Ube Group to Restructure Caprolactam Business and Related Operations

July 22, 2002

Ube Industries, Ltd. (President: Kazumasa Tsunemi), as part of the restructuring initiatives of its current "New 21.UBE Revised Plan", three-year management plan, will be restructuring its caprolactam (CPL) business-one of the Ube Group's fundamental businesses-and related operations.

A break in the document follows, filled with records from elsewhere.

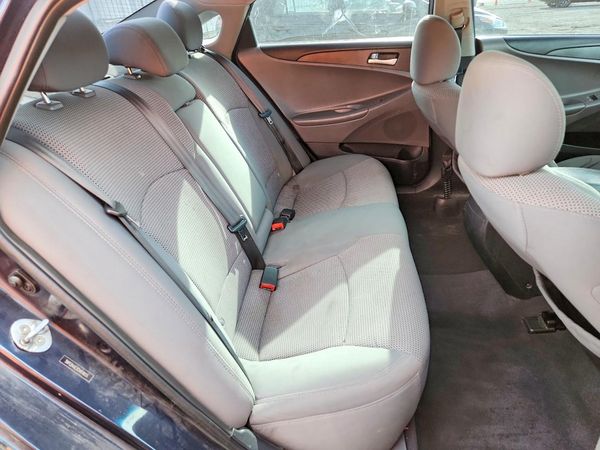 2012 HYUNDAI SONATA Middle-low level — PSRS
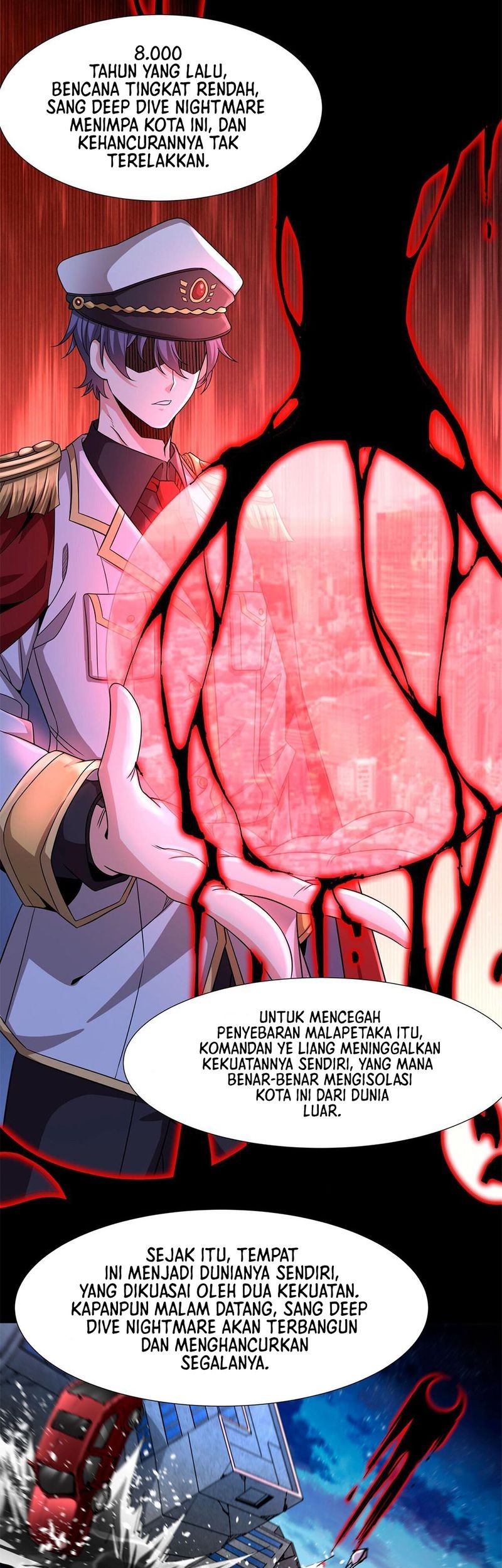 Baca Manhua Without a Daoist Partner, I Will Die Chapter 83 Gambar 2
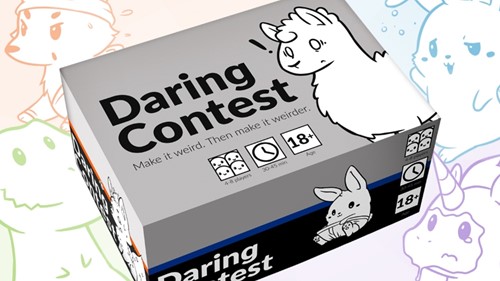 Daring Contest (Bordspellen), Breaking Games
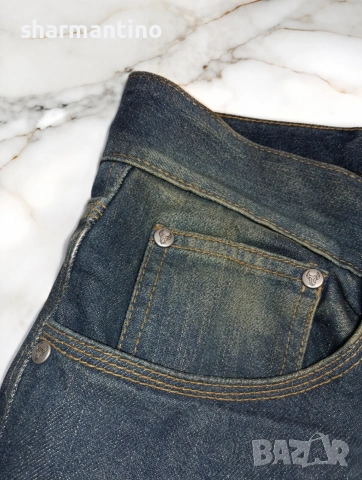 Bull-It Jeans Рокерско Мото дънки 34R, снимка 5 - Дънки - 54034576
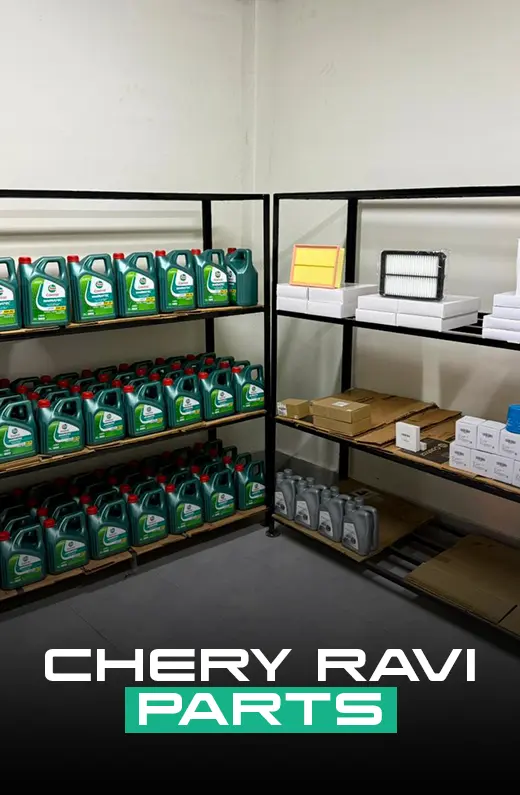 chery geniune parts lahore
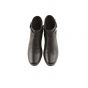 รองเท้าบูทหนังแท้ รุ่น P1947 สีน้ำตาล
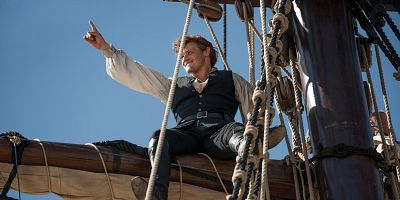 Cartel de The Doldrums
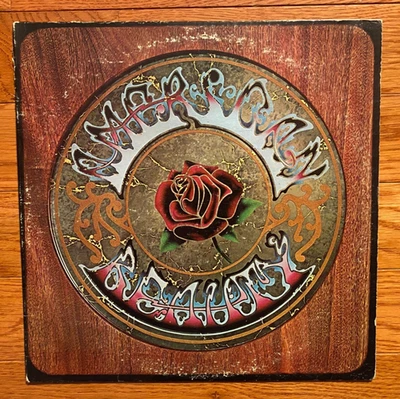 Grateful Dead - American Beauty LP Warner Bros WS 1893 1975 Press Truckin Ripple - Image 1 of 4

  1. CPL Business Restructuring
    The Ube Group's CPL business currently maintains an annual production capacity of 365,000 tons-equal to approximately 10% of global annual demand-as well as a global distribution framework through the four manufacturing centers of Ube's Sakai Factory; Ube Chemical Factory; a subsidiary in Thailand, Thai Caprolactam Public Co., Ltd. (TCL); and a subsidiary in Spain, Productos Quimicos del Mediterraneo, S.A. (PQM). Ube will be shutting down the Sakai Factory's No. 1 CPL plant in spring 2003, thereby achieving a substantial cost reduction. The No. 1 CPL plant, which has an annual capacity of approximately 20,000 tons, uses a traditional process which produces relatively large volume of ammonium sulphate as by-product. Through concurrent reductions in personnel and running costs, Ube anticipates achieving an overall cost reduction of ¥2.3 billion between fiscal 2002 and 2003.
    Also, in April 2002 organizational reforms were implemented at Ube Chemical Factory, and departments indirectly related to manufacturing were slimmed down. Through these reforms, Ube will strengthen its production technologies and enhance production efficiency, aiming to achieve ¥1.8 billion improvement in profit between fiscal 2002 and 2003 from the streamlining.

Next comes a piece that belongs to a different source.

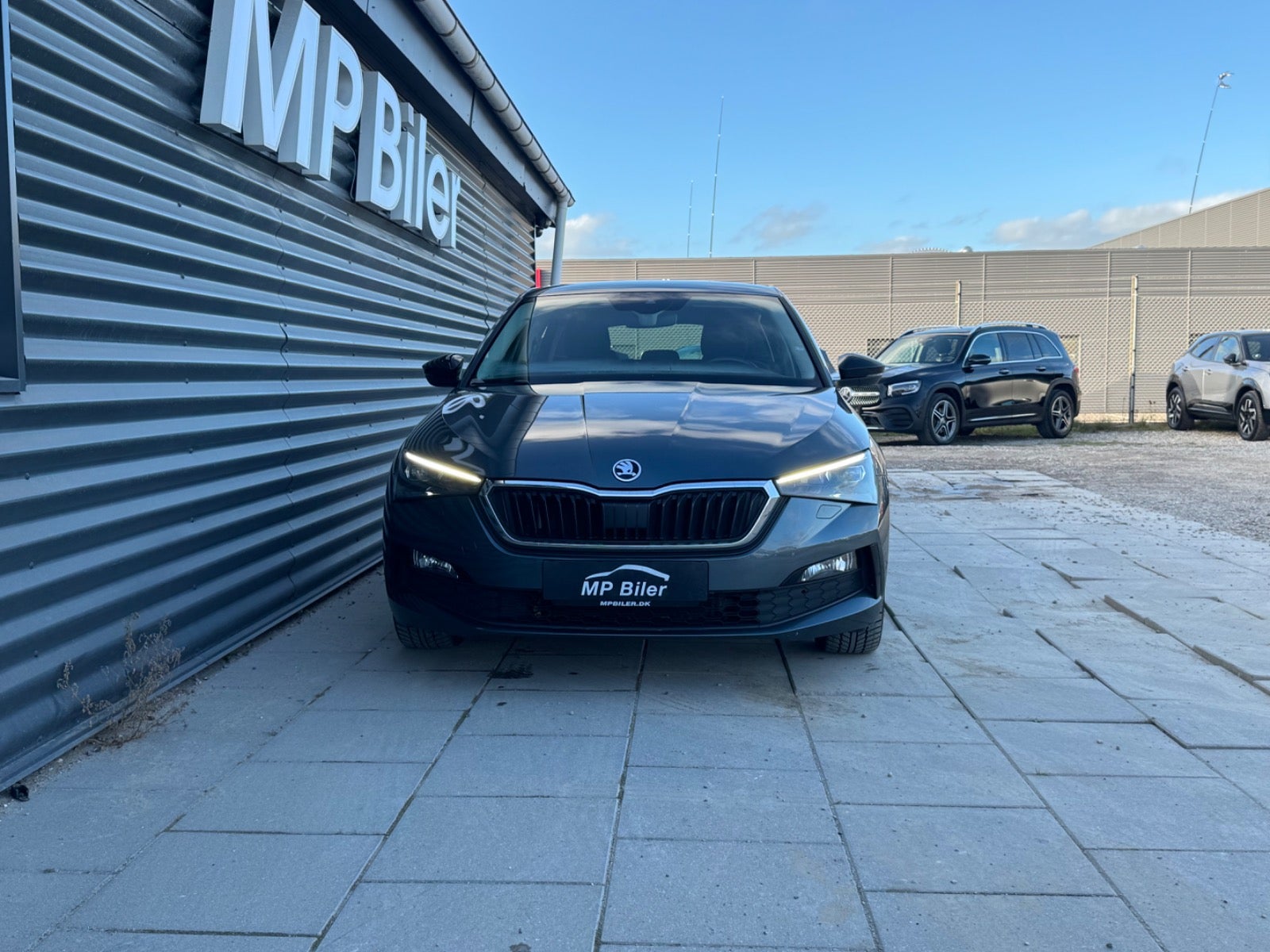 Billede af Skoda Scala 1,6 TDi 115 Style DSG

    With these initiatives, Ube will strive to improve earnings by a total of more than ¥4.0 billion between fiscal 2002 and 2003, which will add an additional Y1.0 billion to the streamlining plans in the New 21(UBE revised plan for the CPL business.
    Meanwhile, to coincide with these rigorous streamlining plans in Japan, Ube will shift its CPL production from Japan to overseas and aggressively develop its CPL related business. Specifically, reflecting the closure of the Sakai Factory's No. 1 CPL plant, TCL will expand its CPL production capacity by approximately 20,000 tons (representing roughly ¥0.8 billion increase in annual earnings in fiscal 2004 and thereafter), which will improve Groupwide profitability through the shift to more cost-competitive TCL products.
  2. Restructuring of Related Operations
    Ube maintains a chemical complex located in Ube district that focuses on CPL operations, including its subsidiaries. The complex deals in the manufacture of such CPL downstream products as nylon-6 and nylon-12 resins, several kinds of fine chemical products derived from intermediary materials, and agricultural products which utilizes ammonium sulphate by-product and ammonia as a raw material of CPL. In addition to the aforementioned CPL streamlining plans, a variety of initiatives will be implemented in these related operations to generate additional profitability for the entire Ube Group.
    Specifically, the three manufacturing plants of Ube Agri-Materials, Ltd., will be consolidated into a single plant to achieve rationalization, and Ube Ammonia Industry, Ltd., will work to reduce costs by lowering raw materials prices and curtailing labor and operating costs, while striving to achieve greater competitiveness by reducing maintenance costs through the attainment of voluntary security certification.
  3. Ube Group positions the CPL business and related operations as one of its fundamental businesses, and will continue to restructure manufacturing operations both in Japan and overseas, strengthen its chemical complex by leveraging the synergistic effects among related products, and implement further specific initiatives to improve its earning stability.